What Is Negative Goodwill?
Negative goodwill (NGW) arises on an acquirer's financial statements when the price paid for an acquisition is less than the fair value of its net tangible assets. Negative goodwill implies a bargain purchase and the acquirer immediately records an extraordinary gain on its income statement. For the purchased company, negative goodwill often indicates a distressed sale, whereby unfavorable sale conditions lead to a depressed sale price.
- Negative goodwill (NGW) arises on an acquirer's financial statements when the price paid for an acquisition is less than the fair value of its net tangible assets.
- Negative goodwill implies a bargain purchase and the acquirer immediately records an extraordinary gain on its income statement.
- For the purchased company, negative goodwill often indicates a distressed sale, whereby unfavorable sale conditions lead to a depressed sale price.
Understanding Negative Goodwill
Negative goodwill is based on the accounting concept of goodwill, an intangible asset that represents the worth of a company's brand name, patents and other intellectual property, customer base, licenses, and other items that are difficult to put a dollar figure on but help to make a company valuable.
Most of the time, a company will be purchased for more than the value of its net tangible assets, and the difference is attributed to goodwill. Negative goodwill is recorded as an extraordinary gain on the buyer's income statement.

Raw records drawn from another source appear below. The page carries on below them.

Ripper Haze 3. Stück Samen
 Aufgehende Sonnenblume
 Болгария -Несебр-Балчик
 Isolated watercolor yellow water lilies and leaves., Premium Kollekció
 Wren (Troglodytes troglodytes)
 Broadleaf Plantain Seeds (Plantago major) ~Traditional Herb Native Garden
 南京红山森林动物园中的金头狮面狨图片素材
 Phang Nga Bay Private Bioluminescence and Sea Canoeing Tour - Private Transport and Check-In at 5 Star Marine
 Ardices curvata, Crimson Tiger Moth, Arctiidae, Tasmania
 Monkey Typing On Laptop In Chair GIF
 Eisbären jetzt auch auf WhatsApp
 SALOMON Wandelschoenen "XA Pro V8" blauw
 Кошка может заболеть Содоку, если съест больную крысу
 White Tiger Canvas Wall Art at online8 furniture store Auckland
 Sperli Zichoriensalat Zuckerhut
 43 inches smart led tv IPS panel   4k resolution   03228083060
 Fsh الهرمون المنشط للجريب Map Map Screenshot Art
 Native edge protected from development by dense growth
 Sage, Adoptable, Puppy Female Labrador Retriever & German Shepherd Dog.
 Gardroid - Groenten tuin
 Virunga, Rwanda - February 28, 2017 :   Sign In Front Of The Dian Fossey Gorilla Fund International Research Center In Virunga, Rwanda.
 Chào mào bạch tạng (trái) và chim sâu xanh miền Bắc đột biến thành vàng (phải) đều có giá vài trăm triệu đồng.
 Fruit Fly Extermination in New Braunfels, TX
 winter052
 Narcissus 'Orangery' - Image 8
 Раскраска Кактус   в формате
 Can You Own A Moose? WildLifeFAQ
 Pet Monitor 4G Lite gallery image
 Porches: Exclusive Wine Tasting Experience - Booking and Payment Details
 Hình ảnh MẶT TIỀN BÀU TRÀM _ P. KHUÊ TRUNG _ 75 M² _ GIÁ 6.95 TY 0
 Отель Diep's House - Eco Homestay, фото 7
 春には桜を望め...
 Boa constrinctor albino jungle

When the price paid is less than the actual value of the company's net tangible assets, negative goodwill results. This type of transaction is typically a sign of a distressed sale in the midst of economic upheaval or sudden industry disruption.
According to Financial Accounting Standards Board (FASB) Statement No. 141 regarding business combinations, this excess of value over net tangible assets is immediately recorded as an extraordinary gain on the income statement, whereas before implementation of the revision of FASB Statement No. 141, NGW was first allocated (offset) against the fair value of the purchased assets, and then recorded as a gain if there was remaining value after allocation.
NGW can bear an analytical impact on financial reports. An acquisition that involves NGW increases reported assets, income, and shareholder equity, with the effect of distorting performance metrics associated with those items.
For example, return on assets (ROA) and return on equity (ROE) would appear lower because NGW increases the value of the acquirer's assets and shareholder equity. Sometimes, the accounting treatment of NGW can have a dramatic impact on financial statements and lead to serious implications.
Example of Negative Goodwill
An illustration: The takeover of HBOS plc (the holding company of Bank of Scotland plc) by Lloyds TSB in 2009 for far less than the value of net assets produced negative goodwill in the amount of approximately GBP 11 billion that was added to Lloyd's capital base and to its net income that year. On paper, this made Lloyd's look much stronger than reality at the time.